[WHAT IS NEEDED] Repeat word for word the opening stretch of the entries, from the first line through the line containing "MCM Hollywood Regency".

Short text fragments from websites
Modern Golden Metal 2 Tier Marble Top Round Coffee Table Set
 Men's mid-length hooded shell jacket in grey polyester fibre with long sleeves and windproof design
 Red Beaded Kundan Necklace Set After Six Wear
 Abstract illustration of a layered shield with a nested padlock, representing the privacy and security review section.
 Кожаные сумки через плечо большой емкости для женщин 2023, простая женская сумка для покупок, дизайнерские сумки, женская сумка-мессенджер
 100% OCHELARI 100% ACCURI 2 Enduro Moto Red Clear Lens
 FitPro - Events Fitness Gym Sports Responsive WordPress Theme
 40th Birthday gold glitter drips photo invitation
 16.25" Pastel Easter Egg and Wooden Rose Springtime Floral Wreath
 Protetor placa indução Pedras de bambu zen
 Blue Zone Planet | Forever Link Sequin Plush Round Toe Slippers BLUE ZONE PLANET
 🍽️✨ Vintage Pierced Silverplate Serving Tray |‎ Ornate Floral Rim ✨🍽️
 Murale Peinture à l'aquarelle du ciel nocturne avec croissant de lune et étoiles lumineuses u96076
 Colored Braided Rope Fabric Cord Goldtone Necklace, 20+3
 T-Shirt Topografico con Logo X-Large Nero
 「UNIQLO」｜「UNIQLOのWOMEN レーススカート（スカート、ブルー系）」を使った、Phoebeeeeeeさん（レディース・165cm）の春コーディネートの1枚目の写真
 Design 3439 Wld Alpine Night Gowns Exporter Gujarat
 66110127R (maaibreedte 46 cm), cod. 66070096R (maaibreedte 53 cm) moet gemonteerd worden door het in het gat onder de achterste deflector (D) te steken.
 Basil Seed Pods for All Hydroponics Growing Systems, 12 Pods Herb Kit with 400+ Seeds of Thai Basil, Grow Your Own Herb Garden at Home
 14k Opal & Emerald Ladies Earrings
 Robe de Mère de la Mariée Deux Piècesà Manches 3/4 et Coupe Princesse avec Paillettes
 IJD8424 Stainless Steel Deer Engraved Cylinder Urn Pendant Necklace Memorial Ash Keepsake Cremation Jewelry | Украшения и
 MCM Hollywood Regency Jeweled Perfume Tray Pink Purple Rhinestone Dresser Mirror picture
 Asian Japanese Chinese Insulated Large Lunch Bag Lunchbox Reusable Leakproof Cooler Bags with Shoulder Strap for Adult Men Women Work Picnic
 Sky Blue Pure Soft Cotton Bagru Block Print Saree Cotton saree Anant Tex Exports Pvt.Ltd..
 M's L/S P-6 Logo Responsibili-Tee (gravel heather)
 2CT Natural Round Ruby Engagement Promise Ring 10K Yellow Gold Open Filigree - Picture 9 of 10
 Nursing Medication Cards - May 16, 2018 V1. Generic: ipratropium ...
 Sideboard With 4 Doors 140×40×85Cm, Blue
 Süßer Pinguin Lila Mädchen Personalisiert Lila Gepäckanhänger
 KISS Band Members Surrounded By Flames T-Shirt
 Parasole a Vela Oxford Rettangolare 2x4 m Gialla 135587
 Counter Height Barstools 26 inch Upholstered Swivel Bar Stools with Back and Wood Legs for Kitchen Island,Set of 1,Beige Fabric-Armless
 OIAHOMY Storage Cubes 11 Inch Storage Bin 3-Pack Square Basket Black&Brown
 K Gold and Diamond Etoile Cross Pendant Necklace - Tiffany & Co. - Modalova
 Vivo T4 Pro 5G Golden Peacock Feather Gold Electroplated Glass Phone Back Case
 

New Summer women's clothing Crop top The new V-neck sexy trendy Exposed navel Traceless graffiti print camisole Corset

[ANSWER TO THIS EXERCISE]
Modern Golden Metal 2 Tier Marble Top Round Coffee Table Set
 Men's mid-length hooded shell jacket in grey polyester fibre with long sleeves and windproof design
 Red Beaded Kundan Necklace Set After Six Wear
 Abstract illustration of a layered shield with a nested padlock, representing the privacy and security review section.
 Кожаные сумки через плечо большой емкости для женщин 2023, простая женская сумка для покупок, дизайнерские сумки, женская сумка-мессенджер
 100% OCHELARI 100% ACCURI 2 Enduro Moto Red Clear Lens
 FitPro - Events Fitness Gym Sports Responsive WordPress Theme
 40th Birthday gold glitter drips photo invitation
 16.25" Pastel Easter Egg and Wooden Rose Springtime Floral Wreath
 Protetor placa indução Pedras de bambu zen
 Blue Zone Planet | Forever Link Sequin Plush Round Toe Slippers BLUE ZONE PLANET
 🍽️✨ Vintage Pierced Silverplate Serving Tray |‎ Ornate Floral Rim ✨🍽️
 Murale Peinture à l'aquarelle du ciel nocturne avec croissant de lune et étoiles lumineuses u96076
 Colored Braided Rope Fabric Cord Goldtone Necklace, 20+3
 T-Shirt Topografico con Logo X-Large Nero
 「UNIQLO」｜「UNIQLOのWOMEN レーススカート（スカート、ブルー系）」を使った、Phoebeeeeeeさん（レディース・165cm）の春コーディネートの1枚目の写真
 Design 3439 Wld Alpine Night Gowns Exporter Gujarat
 66110127R (maaibreedte 46 cm), cod. 66070096R (maaibreedte 53 cm) moet gemonteerd worden door het in het gat onder de achterste deflector (D) te steken.
 Basil Seed Pods for All Hydroponics Growing Systems, 12 Pods Herb Kit with 400+ Seeds of Thai Basil, Grow Your Own Herb Garden at Home
 14k Opal & Emerald Ladies Earrings
 Robe de Mère de la Mariée Deux Piècesà Manches 3/4 et Coupe Princesse avec Paillettes
 IJD8424 Stainless Steel Deer Engraved Cylinder Urn Pendant Necklace Memorial Ash Keepsake Cremation Jewelry | Украшения и
 MCM Hollywood Regency Jeweled Perfume Tray Pink Purple Rhinestone Dresser Mirror picture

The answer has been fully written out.